Il sole c’era e non c’era, entrava e usciva dalle nubi ancora nere in una indecisione meteorologica più apparente che reale: lo scirocco teneva duro. Ma come avrebbe potuto continuare a piovere dopo tre giorni di pioggia battente, senza far sorgere il sospetto che si stesse preparando un nuovo diluvio? Tuttavia abbiamo optato per l’auto, spinti anche dalle insistenze di Ornella, che non avrebbe lasciato partire in scooter Giulia con un tempo così incerto. In un canto del garage, lo scooter si sarebbe rassegnato ad attendere tempi migliori.

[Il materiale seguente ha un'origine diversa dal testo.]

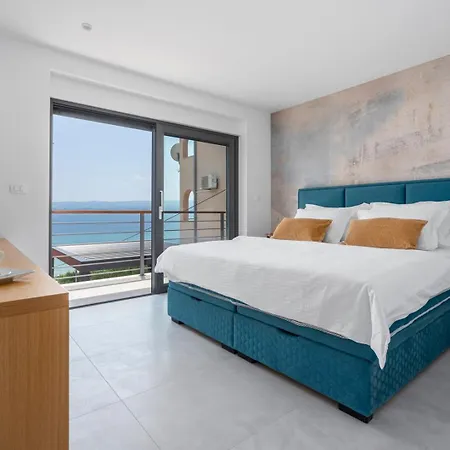 Villa New Seaview Calma With Jacuzzi, Media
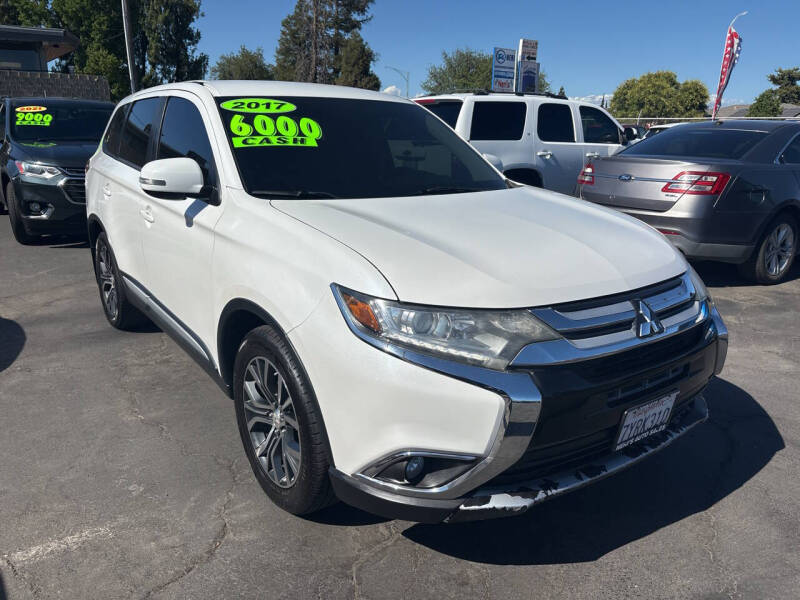 2017 Mitsubishi Outlander SE FWD's photo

Era come dicevo io. Appena fuori dell’abitato, i campi di cicorie, di rape e di finocchi erano completamente sommersi dalle acque che lasciavano vedere solo le cime più alte d’un verde smorto sopra una distesa di fanghiglia grigia. Le vigne ancora frondose, sebbene ormai private del loro frutto, erano allagate; gli olivi, perso il loro carico strappato dal vento e sommerso dalle acque, sembravano simili a salici piangenti sul greto di un lago; tutta la campagna costituiva uno spettacolo ch’io ricordavo, per averlo visto tante volte da piccolo, e che ora mi piaceva riproporre a Giulia, per vedere l’effetto nei suoi occhi di bambina vissuta altrove. E Giulia era veramente stupita da quel mare venuto giù dal cielo in pochi giorni, portato dal vento umido di scirocco, e giurava di non aver mai visto nulla di simile in via sua, lei che pure aveva spesso passeggiato sulle rive dei laghi del Nord.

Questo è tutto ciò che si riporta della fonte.